What to do
Below are records; copy every line in them that holds the word "photo".

*** Opening Supplied material ***

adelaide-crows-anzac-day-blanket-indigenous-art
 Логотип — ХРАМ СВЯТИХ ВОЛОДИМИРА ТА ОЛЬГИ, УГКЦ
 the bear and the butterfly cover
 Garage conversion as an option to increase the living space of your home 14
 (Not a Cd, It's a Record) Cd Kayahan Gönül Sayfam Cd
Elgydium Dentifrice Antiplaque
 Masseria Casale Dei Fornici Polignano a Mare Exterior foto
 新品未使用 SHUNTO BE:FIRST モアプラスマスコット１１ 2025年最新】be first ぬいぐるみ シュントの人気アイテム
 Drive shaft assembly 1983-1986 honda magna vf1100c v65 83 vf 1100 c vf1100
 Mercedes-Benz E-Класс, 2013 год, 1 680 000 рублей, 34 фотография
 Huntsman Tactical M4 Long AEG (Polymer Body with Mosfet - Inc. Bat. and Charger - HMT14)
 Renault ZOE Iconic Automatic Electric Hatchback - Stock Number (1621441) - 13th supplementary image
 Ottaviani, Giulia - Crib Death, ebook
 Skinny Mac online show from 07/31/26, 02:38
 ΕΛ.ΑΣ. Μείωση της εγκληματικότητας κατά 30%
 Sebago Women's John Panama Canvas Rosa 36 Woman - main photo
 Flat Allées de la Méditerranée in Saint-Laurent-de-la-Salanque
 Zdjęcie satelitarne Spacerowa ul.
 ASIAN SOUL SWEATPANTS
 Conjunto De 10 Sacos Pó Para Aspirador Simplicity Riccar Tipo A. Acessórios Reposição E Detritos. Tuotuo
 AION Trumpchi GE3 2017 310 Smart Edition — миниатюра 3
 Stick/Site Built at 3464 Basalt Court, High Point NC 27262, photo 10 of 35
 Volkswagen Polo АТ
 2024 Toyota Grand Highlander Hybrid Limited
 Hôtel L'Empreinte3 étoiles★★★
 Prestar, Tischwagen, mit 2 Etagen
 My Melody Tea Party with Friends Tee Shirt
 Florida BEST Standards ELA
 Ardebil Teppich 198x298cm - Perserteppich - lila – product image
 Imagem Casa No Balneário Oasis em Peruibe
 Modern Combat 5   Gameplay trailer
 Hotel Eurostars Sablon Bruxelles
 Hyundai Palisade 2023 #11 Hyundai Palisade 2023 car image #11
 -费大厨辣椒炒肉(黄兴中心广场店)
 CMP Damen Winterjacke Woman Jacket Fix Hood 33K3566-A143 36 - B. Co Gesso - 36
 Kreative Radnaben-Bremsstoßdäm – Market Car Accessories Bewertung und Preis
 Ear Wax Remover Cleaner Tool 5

*** Closing Supplied material ***

Output below
 Sebago Women's John Panama Canvas Rosa 36 Woman - main photo
 Stick/Site Built at 3464 Basalt Court, High Point NC 27262, photo 10 of 35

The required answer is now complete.